> _Problem description_
Your copy starts at the line containing "Woman with backpack" and ends at the last line below. Copy exactly, without pictures.

> _Collected data_
* * * * *

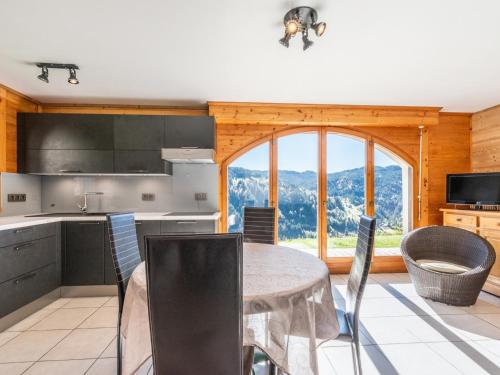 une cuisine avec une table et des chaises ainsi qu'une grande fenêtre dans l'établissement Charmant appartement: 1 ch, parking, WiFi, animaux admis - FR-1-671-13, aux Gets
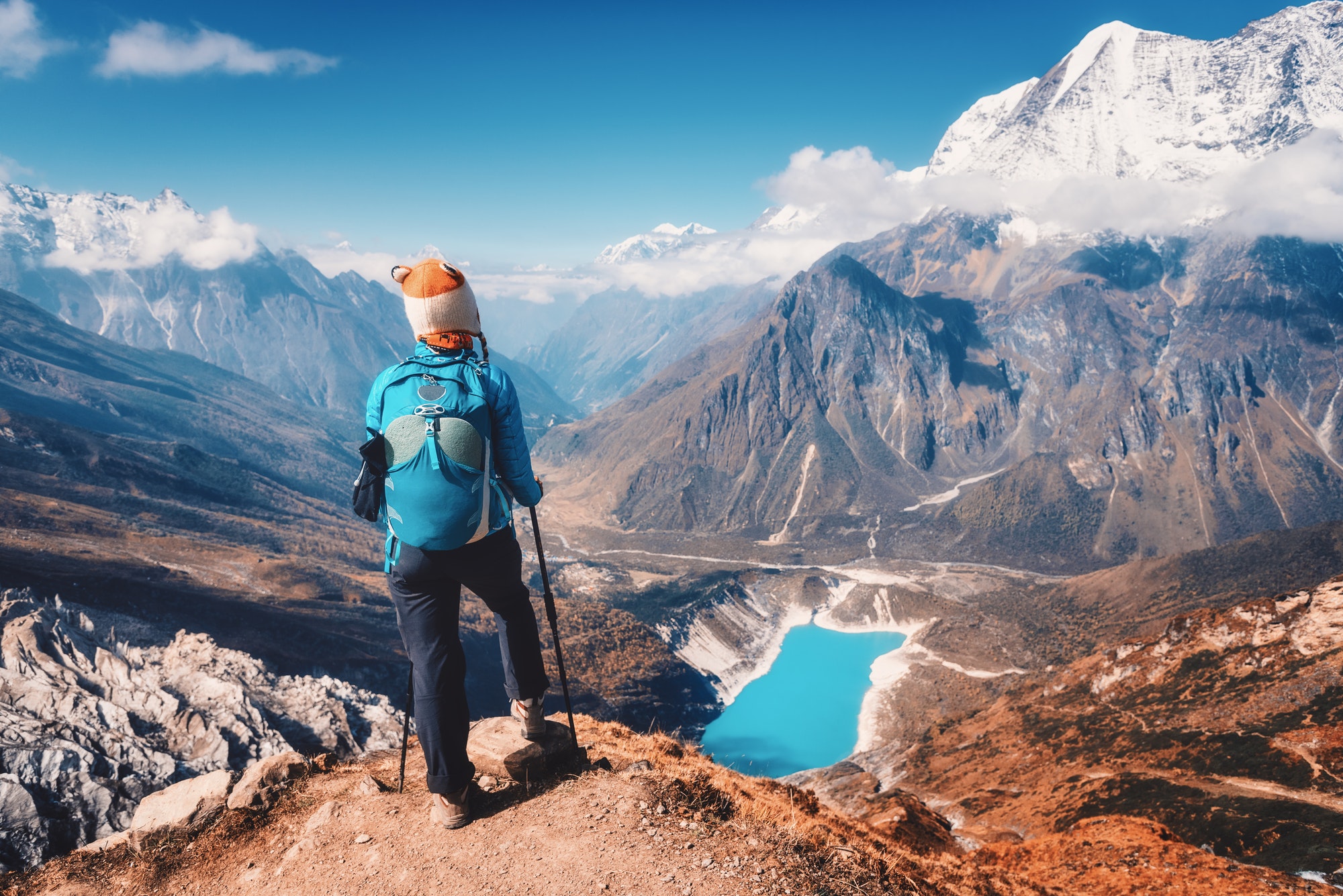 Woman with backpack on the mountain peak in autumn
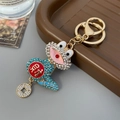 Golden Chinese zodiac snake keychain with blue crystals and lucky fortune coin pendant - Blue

* * * * *

> _Result of the task_
 Woman with backpack on the mountain peak in autumn
 Golden Chinese zodiac snake keychain with blue crystals and lucky fortune coin pendant - Blue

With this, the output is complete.